Originally Posted by Termato
How would you reduce water current Byron?
Depends upon the filter. I base the filter on what I need for water movement. On my small tanks i only use a simple sponge filter, connected to an air pump on the very small tanks, and on the 33g I have a little Eheim sponge filter with a motor head. Sadly Eheim stopped making these, don't know why; this is a superb little filter. But it creates very little flow, and I aim the flow into the back wall and slightly down the tank. I use the same principle with my canisters. I place the spray bar horizontally along an end wall, with the holes directed toward the glass and slightly down. You can experiment with this to get a flow down the wall and thus across the substrate, or you could have it across the surface, or into the water column.

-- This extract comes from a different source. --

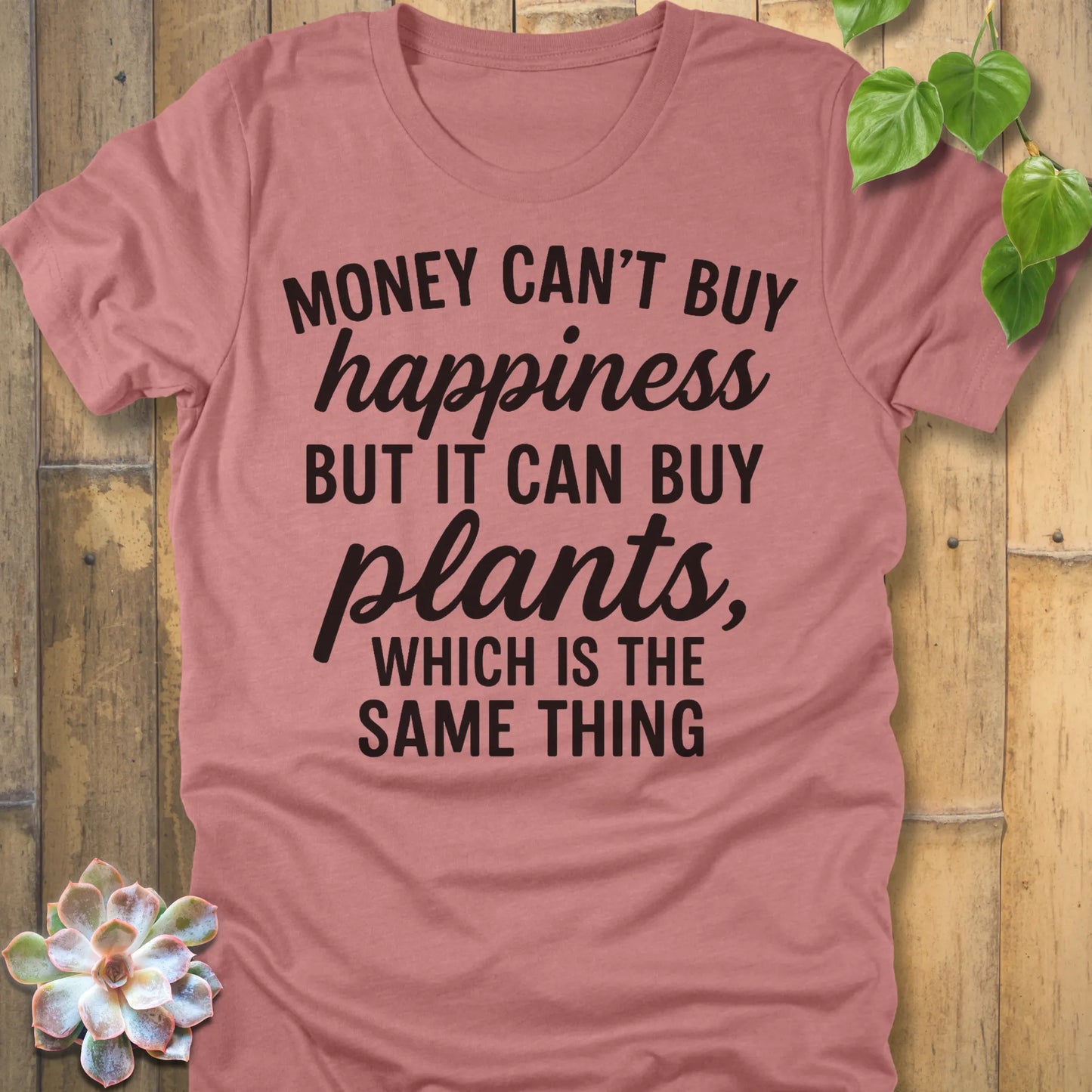 Heather Mauve t-shirt featuring the design Money Can’t Buy Happiness printed in bold black letters, motivational quote shirt.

I can illustrate the effect water flow has on fish from my 115g (5-foot) tank. On this I have a Rena XP3 canister, and because I have some fish that do need some current--namely the Spotted Driftwood Cats that must have a chunk of wood with tunnels that stands in a water current--I removed the spray bar and placed the filter return spigot about a foot in from the end wall. The water flow is directed toward the end wall, and passes over the wood. The flow hits the end wall and then disperses down the length of the tank.
I have tetra in this tank that like the neon do not occur in flowing waters, namely Hyphessobrycon bentosi, Paracheirodon axelrodi, Hemigrammus pulcher. Ever since they were introduced to this tank, these fish have consistently remained centre and right of centre, which is the side with the least water movement. They move up and out to feed, and periodically to browse around, but 95% of the day they remain out of the water movement. And this is very instructive; given the option, fish will show you their preference. I also have a group of marble hatchets, Carnegiella strigata, in this tank, about 20 of them. They very rarely venture down close to the current, but the whole group remains at the far right end of the tank, at the surface, where the water is the calmest.
We sometimes forget that fish in tanks with currents have to battle the current 24/7, they cannot rest properly, and this simply wears them down. Characins have to control their buoyancy continually, those little jerking motions; faced with moving water makes this harder too.